Tuesday, June 19, 2012

Canadian Women in the Literary Arts: CWILA

In response to the recent VIDA conversation that came into Canada [see my own post on such here], Vancouver poet Gillian Jerome has created CWILA: Canadian Women in the Literary Arts, a new website and organization worth paying attention to, with a ton of interesting interviews. The site itself is here, and here is a fraction of the "About Us" page. You should become a member and donate. There's no reason at all that there aren't as many works discussed by women as there are discussed by men. Not a single reason.
About Us

CWILA (Canadian Women in the Literary Arts) is an inclusive national literary organization for people who share feminist values and see the importance of strong and active female perspectives and presences within the Canadian literary landscape.

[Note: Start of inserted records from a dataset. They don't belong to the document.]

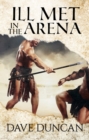Ill Met in the Arena - Book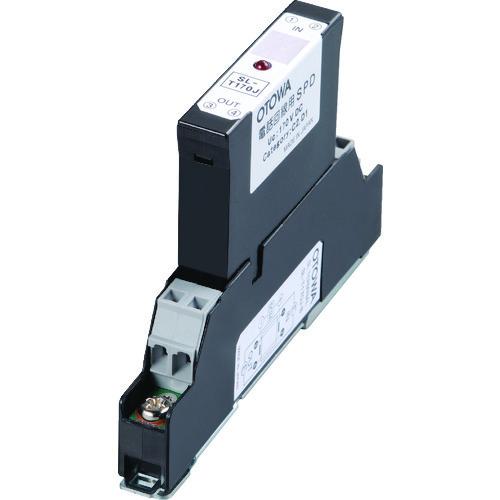 (送料別途)(直送品)OTOWA 電話回線用SPD SL-T170J | 
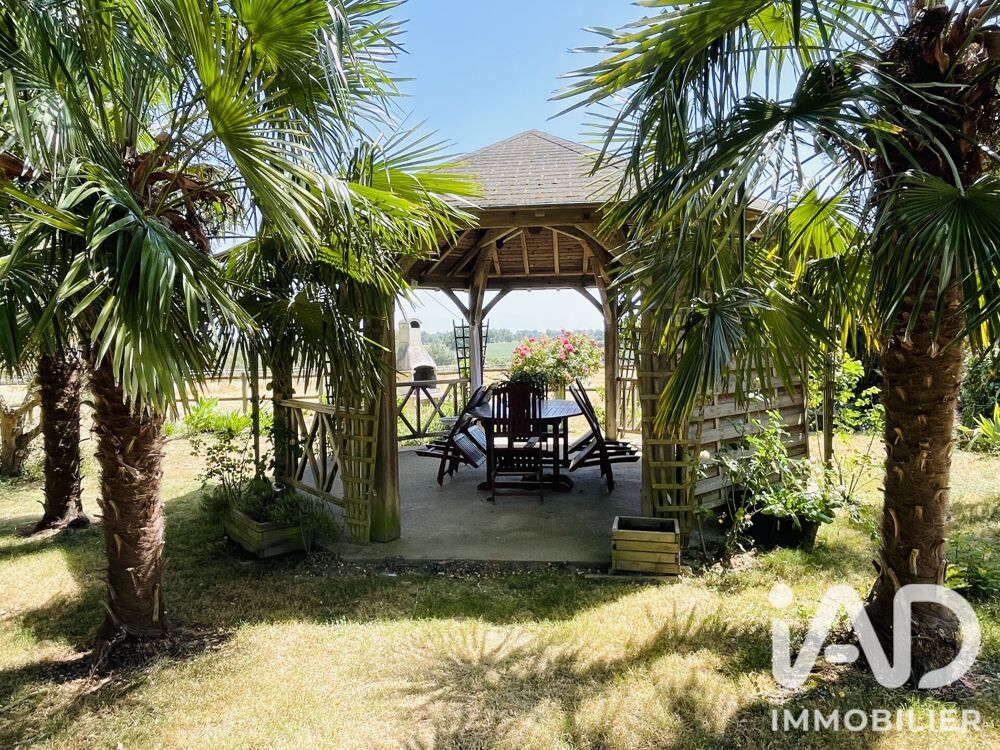 Vente Maison Vente Longère 5 pièces Lys-haut-layon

CWILA was founded by poet and essayist Gillian Jerome in response to a conversation on gender representation in Canadian literary reviews that was started by poet, novelist, blogger and critic Sina Queryas on her blog  Lemon Hound and continued by poet, blogger and metalhead Natalie Zina Walschots (a.k.a. Nathalie Zed) on her blog www.nataliezed.ca. The conversation expanded to include a wide range of women active in various literary communities across the country calling for a discursive space to address the politics of representation, the critical reception of women’s writing in the literary press and the ways in which we can foster stronger critical communities of women of all ages including genderqueer writers, indigenous writers, as well as other women and/or genderqueer writers of colour.

CWILA continues the path set by the US organization VIDA, founded in 2009 ”to address the need for female writers of literature to engage in conversations regarding the critical reception of women’s creative writing in our current culture.” VIDA conducts an annual project “to count the rates of publication between women and men in many of our writing world’s most respected literary outlets.” None of the literary outlets counted by VIDA are Canadian.

So in May 2012, CWILA members began a count to document the rates at which men and women were being published and reviewed in fourteen Canadian literary publications in 2011. The results can be viewed here.